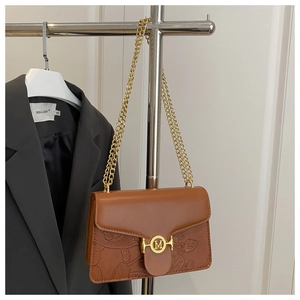 Detailed close-up of brown leather bag with embossed lotus and fish patterns and gold buckle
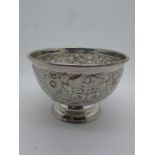 A Hallmarked Silver Bowl, FBs, Sheffield 1904, allover detailed in relief, on circular spreading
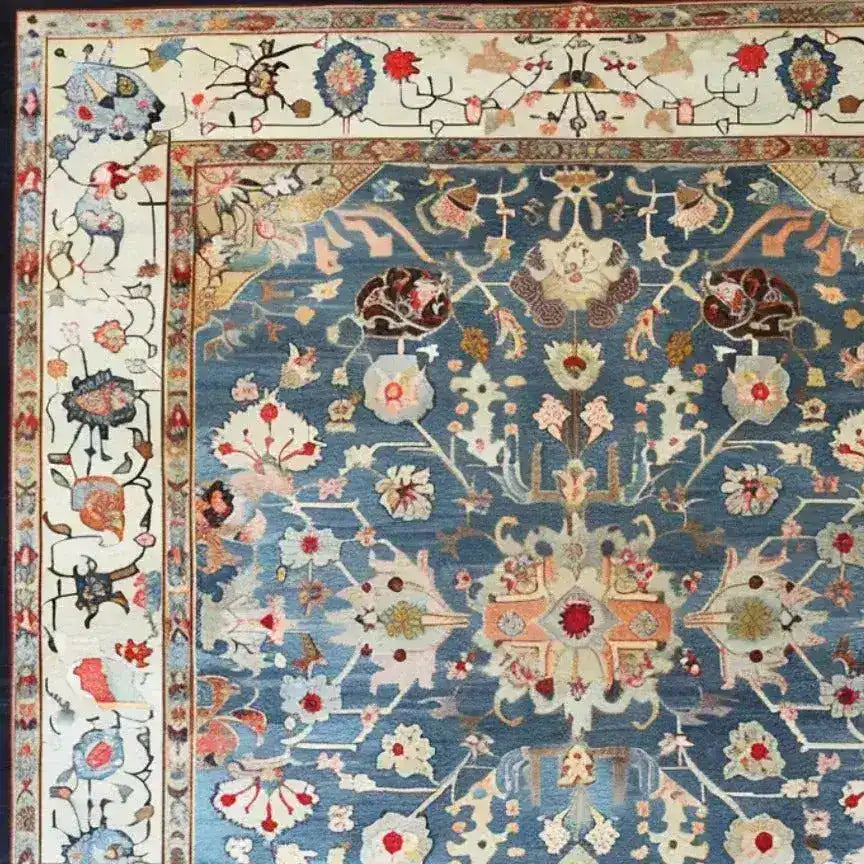 Elegant blue floral hand-knotted area rug featuring intricate patterns and vibrant colors, with a detailed border design for a classic look.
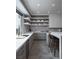 Modern kitchen with gray cabinets, white countertops, floating shelves, and stainless steel appliances at 438 Serenity Point Dr, Henderson, NV 89012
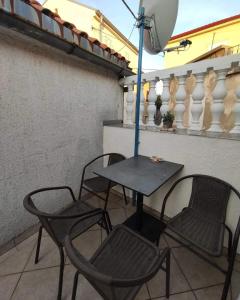 诺维·维诺多尔斯基Aretha apartman i sobe的阳台配有桌椅和遮阳伞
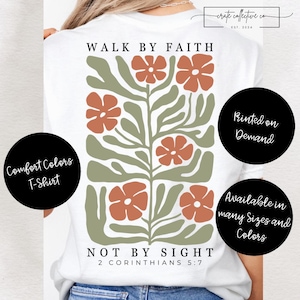 Puede incluir: Camiseta blanca Comfort Colors con un diseño floral en naranja y verde. El texto "WALK BY FAITH" y "NOT BY SIGHT" están encima y debajo del diseño floral. El texto "2 CORINTIOS 5:7" está debajo.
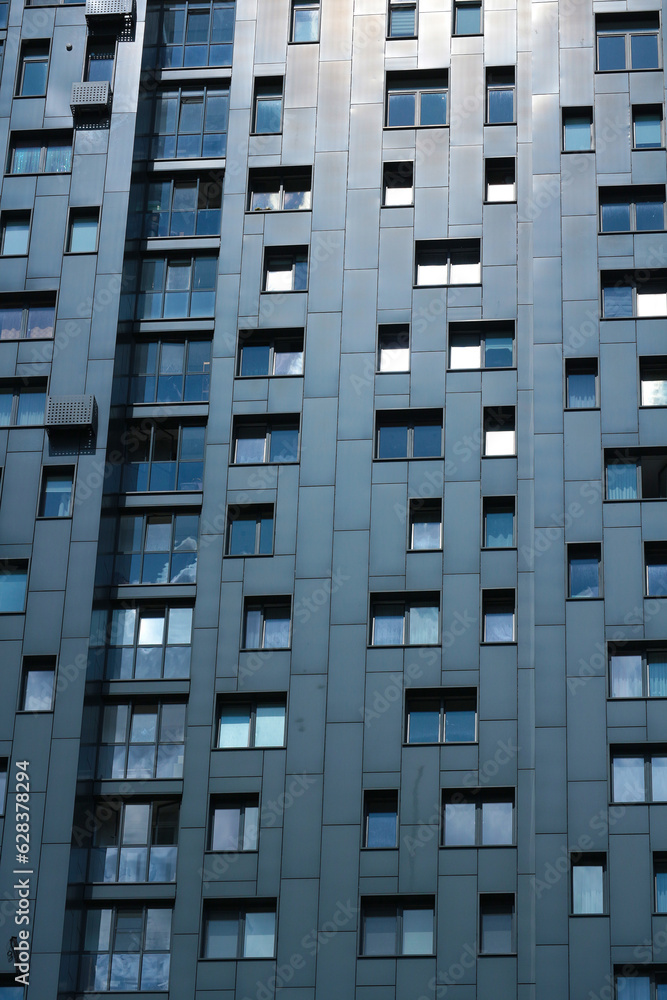 Facade with windows of a dark multi-apartment residential high-rise building. Vertical photo.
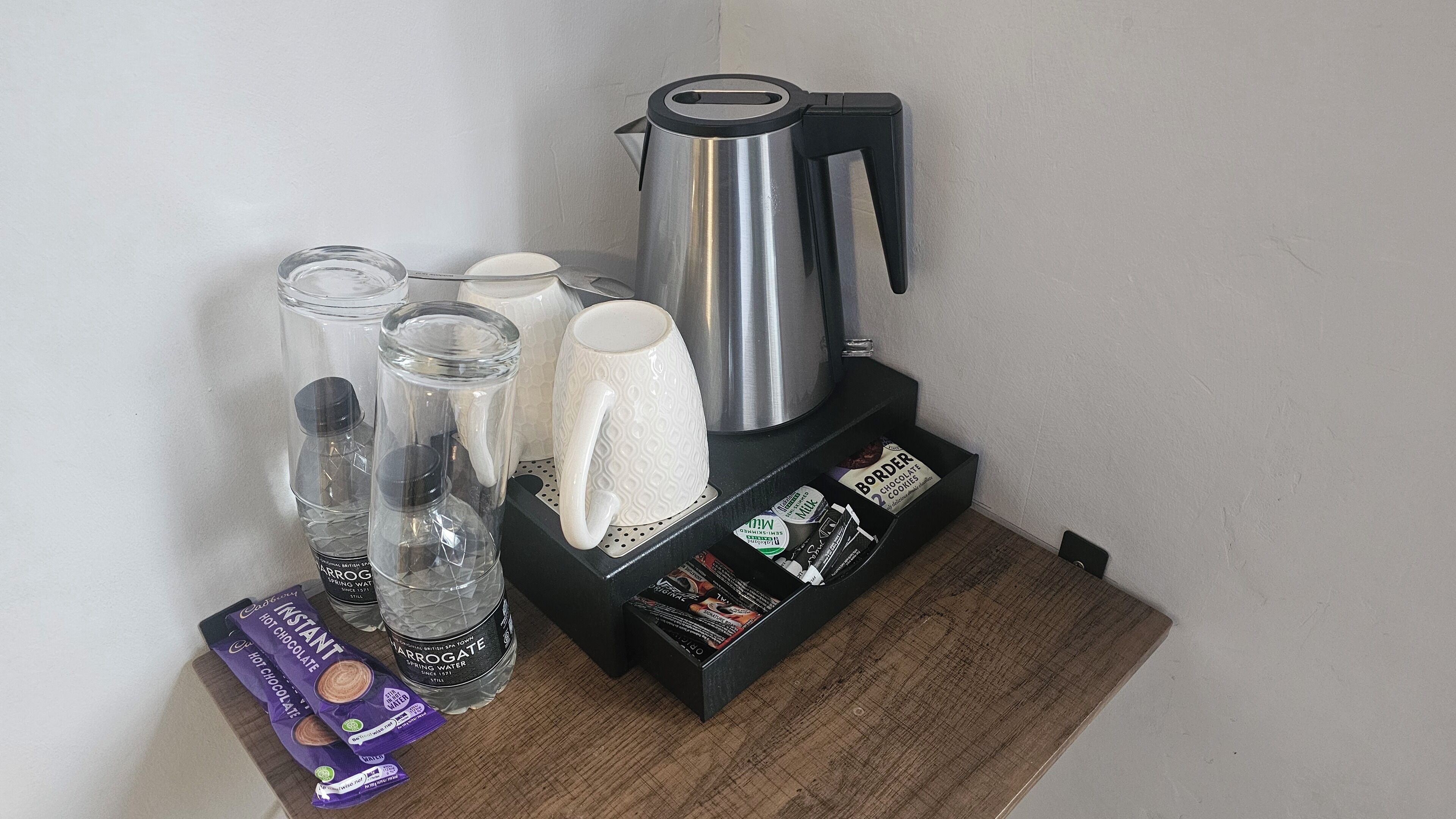Eine Küchenarbeitsplatte mit Wasserkocher, Kaffeemaschine und verschiedenen Lebensmitteln, darunter Heiße Schokolade und Milch.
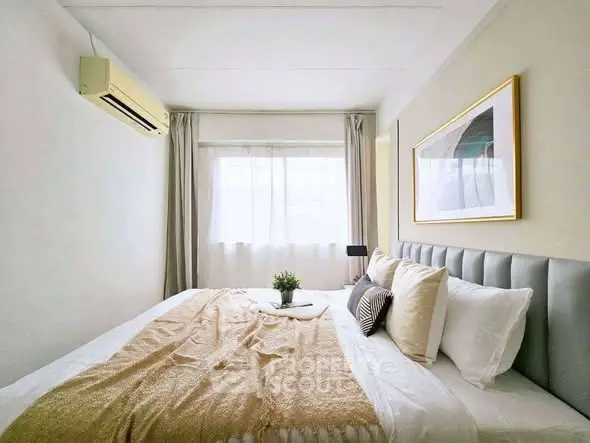 Cozy bedroom with elegant decor and natural light, featuring a plush bed and stylish artwork.
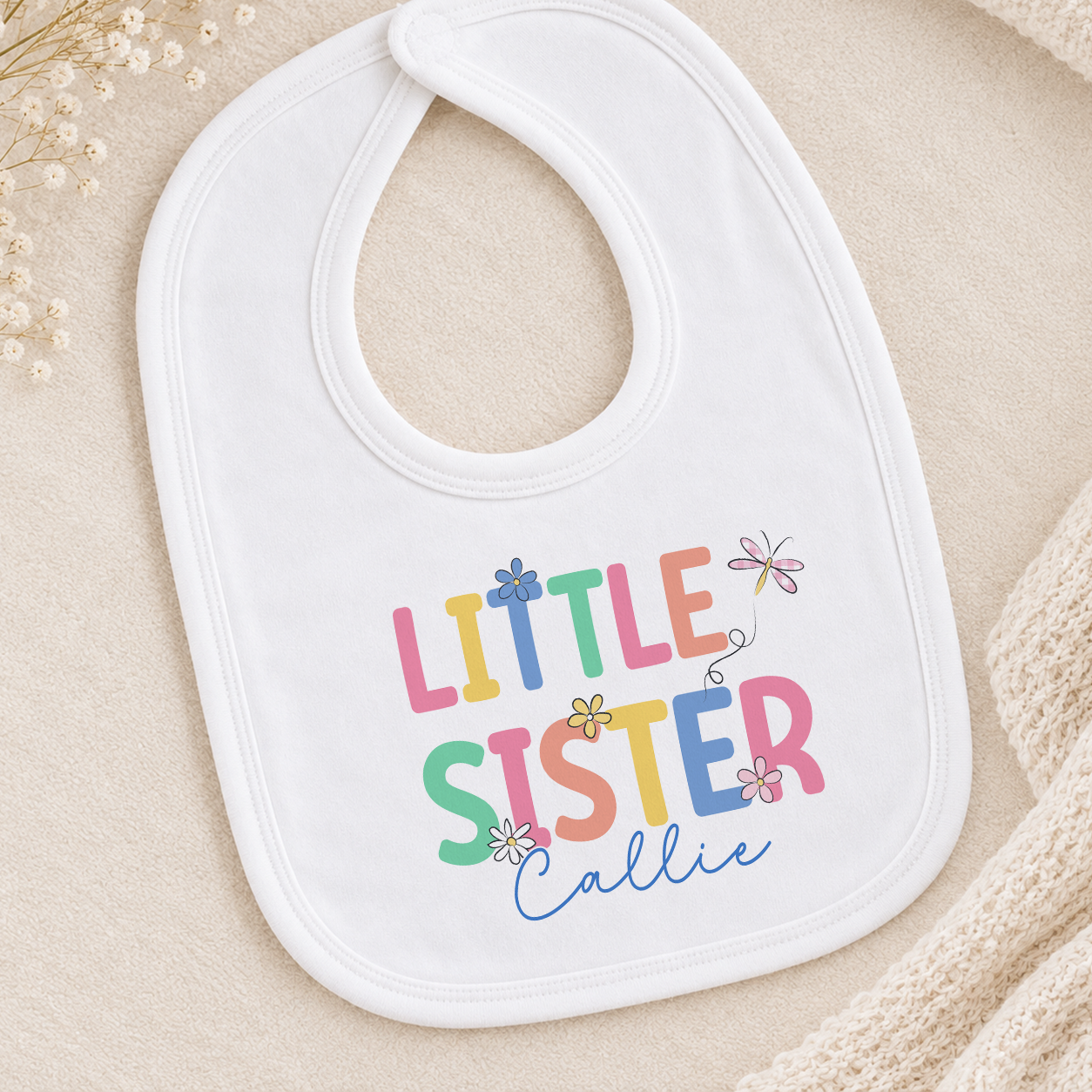 A white baby bib with the text "Little Sister" printed on it, along with colorful flower illustrations.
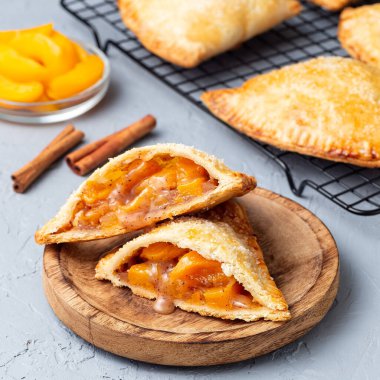 Küçük şeftali ve tarçınlı, hamur hamurlu, şeker serpilmiş, ahşap tabakta ve soğutma rafında, kare biçiminde.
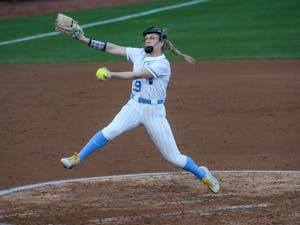 First-year pitcher Lilli Backes (99) pitches the ball at a game against the University of Michigan on Tuesday, Mar. 1, 2022. The Tar Heels lost 0-8.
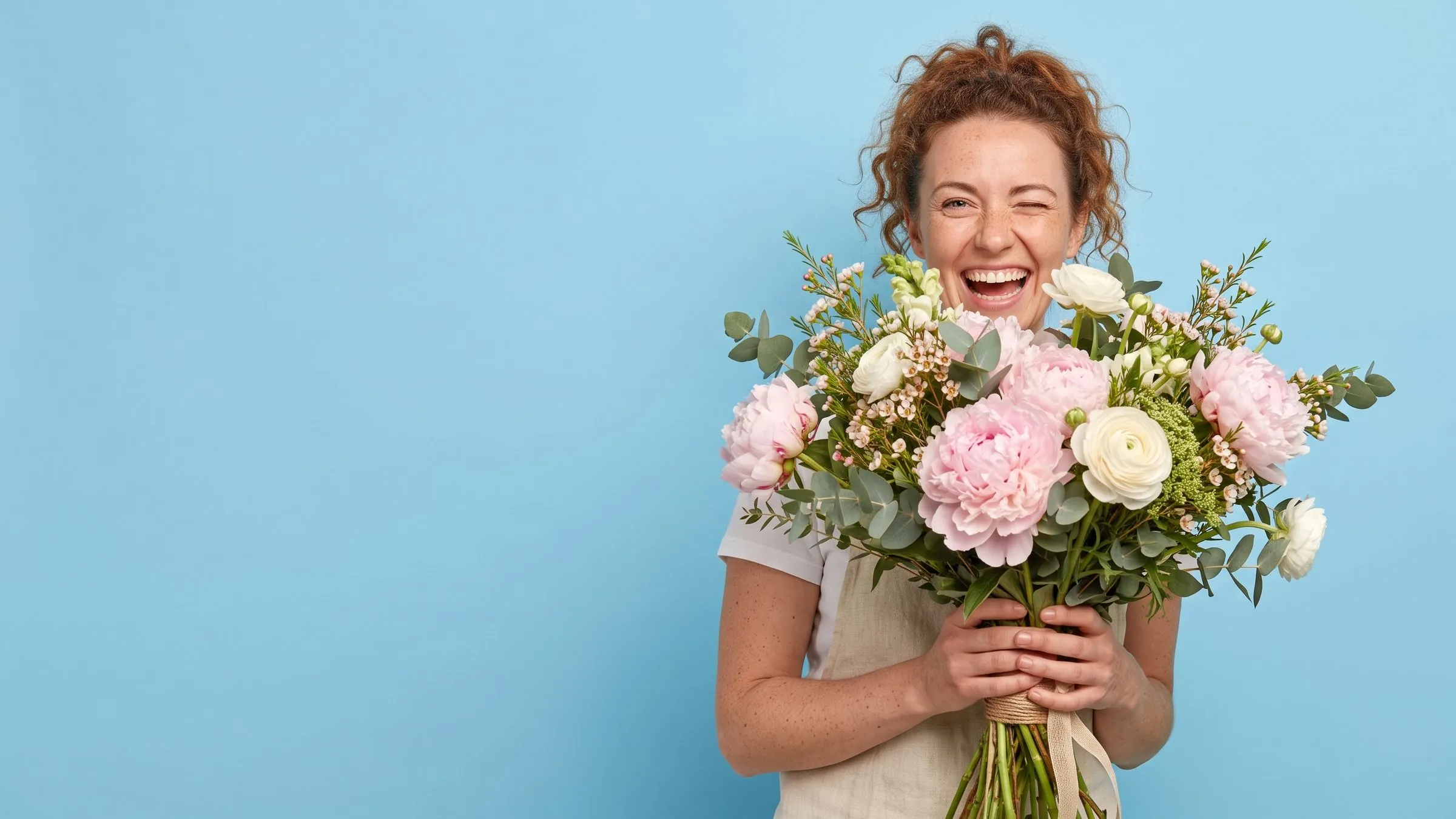 Une fleuriste éclate de rire derrière un grand bouquet de pivoines, sur fond bleu ciel.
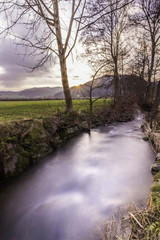 Sonnenuntergang am Bach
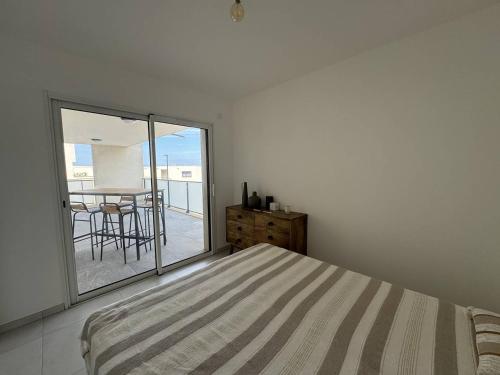 une chambre blanche avec un lit et un balcon dans l'établissement Appartement dans résidence avec piscine, à Calvi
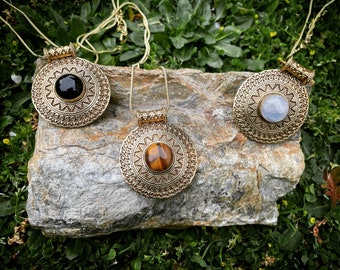 Shield Talisman pendant with central stone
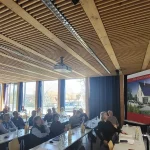 Im Seminarraum der Hochschule Weihenstephan-Triesdorf verfolgt ein vollbesetztes Plenum die Jahreshauptversammlung des Sonnenhaus-Instituts: Vorne rechts präsentiert ein Referent vor einem großen Banner „Das Sonnenhaus“ mit solarthermischem Gebäude, während die Teilnehmenden an langen Tischen mit Getränken und Unterlagen sitzen; im Hintergrund informieren mehrere Roll-ups über Projekte und Inhalte rund um erneuerbare Energien.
___
Activity:
Although the records above contain pictures, the copy should hold only the lines from their start through the line containing "Cozy bedroom with", each exactly as written, and none of the pictures.

Task response:
 Detailed close-up of brown leather bag with embossed lotus and fish patterns and gold buckle
 A Hallmarked Silver Bowl, FBs, Sheffield 1904, allover detailed in relief, on circular spreading
 Elegant blue floral hand-knotted area rug featuring intricate patterns and vibrant colors, with a detailed border design for a classic look.
 Modern kitchen with gray cabinets, white countertops, floating shelves, and stainless steel appliances at 438 Serenity Point Dr, Henderson, NV 89012
 诺维·维诺多尔斯基Aretha apartman i sobe的阳台配有桌椅和遮阳伞
 Puede incluir: Camiseta blanca Comfort Colors con un diseño floral en naranja y verde. El texto "WALK BY FAITH" y "NOT BY SIGHT" están encima y debajo del diseño floral. El texto "2 CORINTIOS 5:7" está debajo.
 Facade with windows of a dark multi-apartment residential high-rise building. Vertical photo.
Eine Küchenarbeitsplatte mit Wasserkocher, Kaffeemaschine und verschiedenen Lebensmitteln, darunter Heiße Schokolade und Milch.
 Cozy bedroom with elegant decor and natural light, featuring a plush bed and stylish artwork.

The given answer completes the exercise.